Apple Forecasts Strong Revenue Despite Rising Tariff Costs
SAN FRANCISCO
Apple is expected to deliver stronger-than-anticipated revenue for the quarter ending in September, sending its shares higher even as CEO Tim Cook warned of escalating tariff expenses. The company posted nearly 10% year-on-year growth in the June quarter, with revenue reaching approximately $94.04 billion—surpassing analyst projections by over $4 billion and marking its best quarterly beat in years. iPhone sales surged 13.5% to about $44.6 billion, largely fueled by consumers rushing purchases ahead of anticipated tariff hikes. Meanwhile, sales in Greater China climbed to $15.4 billion, benefiting from government subsidies and renewed consumer enthusiasm.
For the upcoming quarter, Apple cautioned that new U.S. tariffs are expected to add $1.1 billion to its costs—on top of the $800 million hit in the June quarter. Despite this warning, the company projected mid‑ to high‑single‑digit revenue growth, signaling continued confidence in demand and market resilience.
Investors responded positively: Apple shares rose about 1.5% in Frankfurt and roughly 3% in U.S. after-hours trading, reflecting market faith in the tech giant’s outlook.

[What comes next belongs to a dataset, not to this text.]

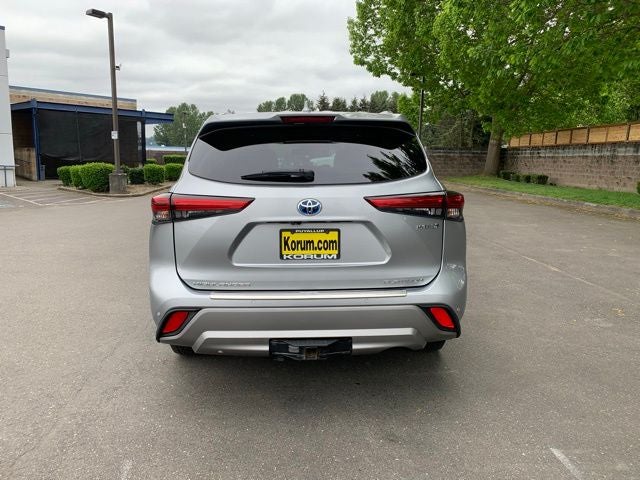 2021 Toyota Highlander Hybrid Platinum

Apple’s margin performance also exceeded expectations, and its services division generated $27.4 billion in revenue—outpacing forecasts—while wearable sales underperformed. CFO Tim Cook emphasized ongoing investment in AI, including personalization features for Siri and infrastructure expansion. Apple is also mitigating tariff impact by shifting more production to India and Vietnam, though delays in AI strategy and competitive pressure could cloud future prospects.